Data to process:
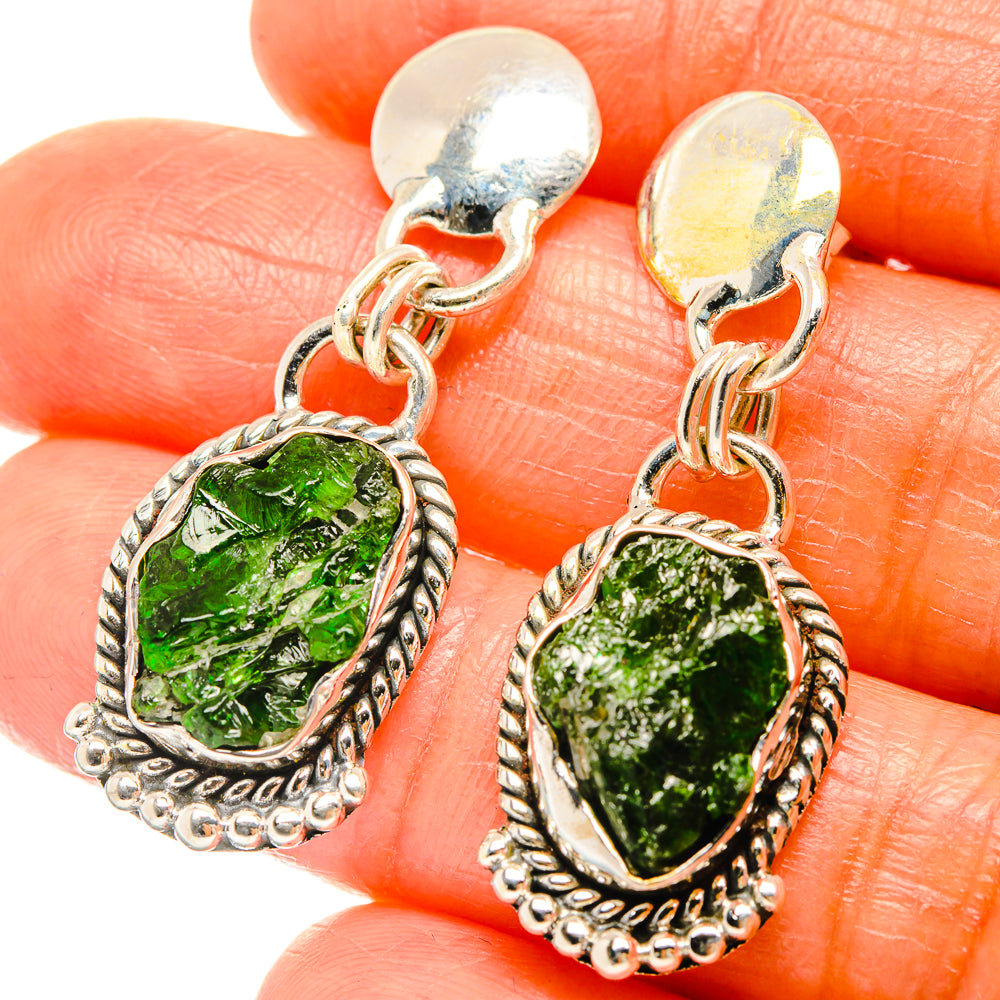 Close-up of green rough chrome diopside drop earrings with rope-edge 925 sterling frames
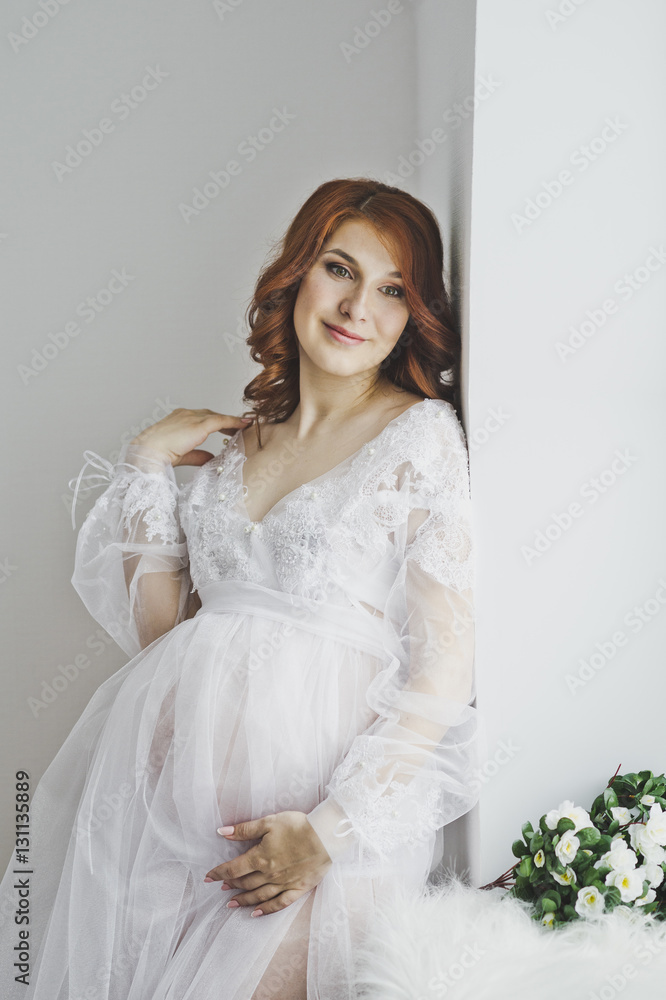 Gentle redhead girl standing at the window 6859. Gentle redhead girl standing at the window 6859.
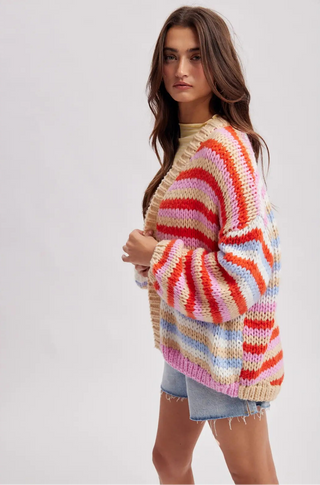 Woman wearing a colorful striped sweater on a plain background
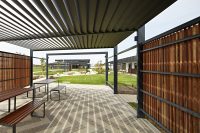Linea Table (LIT10, 1800) and Bench (1500) with aluminium Bush Cherry battens, Textura Monument frame.
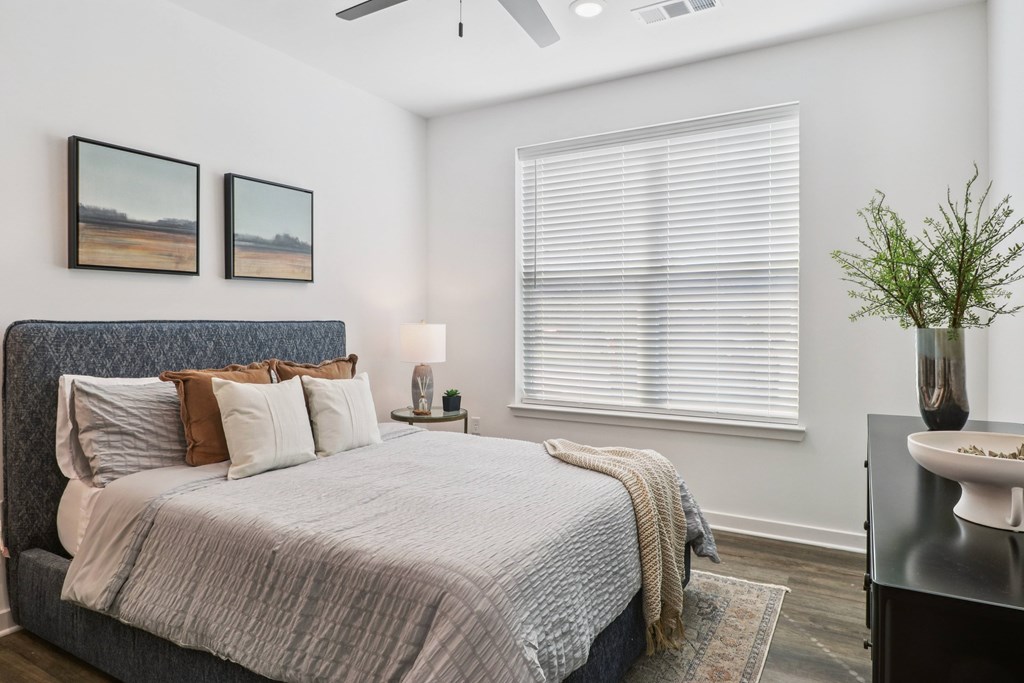 A bedroom with a bed, a nightstand, and a plant.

Problem to solve: Exclude all pictures and return precisely the lines from the one containing "Linea Table (LIT10, 1800)" through the closing line of the data.

Completed exercise:
Linea Table (LIT10, 1800) and Bench (1500) with aluminium Bush Cherry battens, Textura Monument frame.
 A bedroom with a bed, a nightstand, and a plant.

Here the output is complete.